Embodiments may be implemented in one or a combination of hardware, firmware, and software. Embodiments may also be implemented as instructions stored on a computer-readable storage medium, which may be read and executed by at least one processor to perform the operations described herein. Computer-readable media may include any tangible medium for storage in a form readable by a machine (e.g., a computer). For example, a machine-readable medium may include: read Only Memory (ROM), Random Access Memory (RAM), magnetic disk storage media, optical storage media, and flash memory devices.

Although many of the embodiments described herein relate to GSM networks including GPRS and EGPRS, the embodiments are generally applicable to any wireless network that uses TDMA random access channels.

The abstract of the specification is provided to comply with 37 c.f.r Section 1.72(b), which requirement abstract of the specification will allow the reader to ascertain the nature and gist of the technical disclosure. The applicant believes that it should be understood that: it is submitted with the understanding that it will not be used to limit or interpret the scope or meaning of the claims. Thus the following claims are hereby incorporated into the detailed description, with each claim standing on its own as a separate embodiment.

Claims

1. A method performed by a network side device for receiving a transmission on a random access channel, RACH, from a communication device, the method comprising:

receiving a mobile station radio access capability MS RAC message from the communication equipment by the network side equipment;

after receiving the MS RAC, sending, by a network side device, a network assigned identification ID, which is locally unique and provides contention resolution;

and receiving, by the network side device, user data on the RACH from the communication device using the ID and the timing advance TA determined by the communication device.

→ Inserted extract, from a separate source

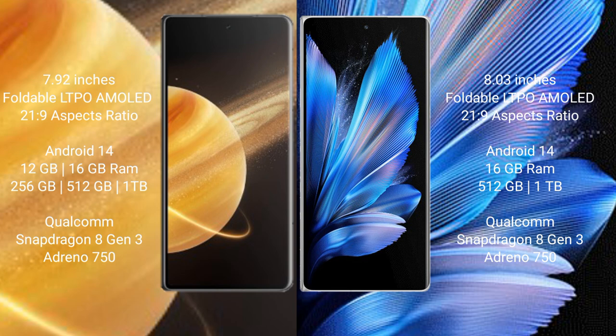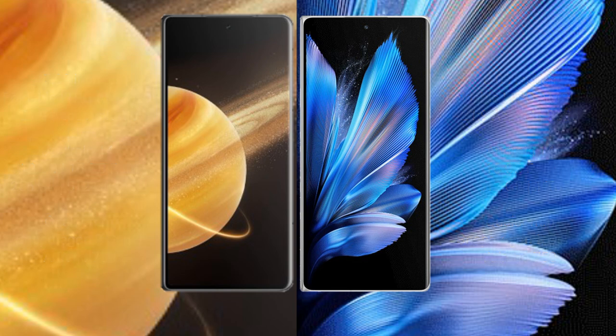Vivo X Fold 3 Pro comes with 16GB RAM and 512GB or 1TB internal storage, powered by Qualcomm Snapdragon 8 Gen 3 processor and Adreno 750 GPU.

2. The method of claim 1, wherein the receiving of the MS RAC message is performed by a base station, BS, serving a cell, and the transmitting is from the BS to the communication device.

3. The method of claim 1, wherein the method is performed for registration on a network and is repeated when:

providing, by a different cell, a service to the communication device;

resetting the communication device;

the registration fails; or

The timing advance has changed.

4. The method of claim 3, wherein the registration is for a data service.

5. The method of claim 1, further comprising: transmitting, by a network side device, an assignment for a RACH dedicated to the communication device for the user data.

6. The method of claim 2, further comprising: transmitting, by a network side device, an assignment message for membership of a RACH group, wherein a member assigned to the RACH group is transmitted on a frame on the RACH, the frame being dedicated to the RACH group.

7. The method of claim 6, further comprising: transmitting, by a network side device, a combination of the ID and the RACH group, the combination uniquely identifying the communication device in the cell and providing contention resolution.

8. The method of claim 7, further comprising: sending, by a network side device, a global identifier of the communication device, wherein the global identifier is determined from the combination.

9. The method of claim 8, wherein the global identifier comprises: the international mobile subscriber identity IMSI.

10. The method of claim 6, further comprising: calculating a group frame number from the ID and from a fixed repetition period.

11. The method of claim 6, wherein the RACH group has a maximum of 2^ (n-1) membership, where n is the number of bits in the random number reference in an access burst.

12. The method of claim 6, further comprising: calculating a group frame number from the ID and from a variable repetition period.

13. The method of claim 12, wherein the variable repetition period depends on transmission frequency requirements of members of the RACH group.

14. The method of claim 6, wherein a group frame number is calculated such that a unique offset is applied according to the RACH group.

15. A network side device receiving a transmission on a random access channel, RACH, from a communication device for performing the method according to any of the preceding claims.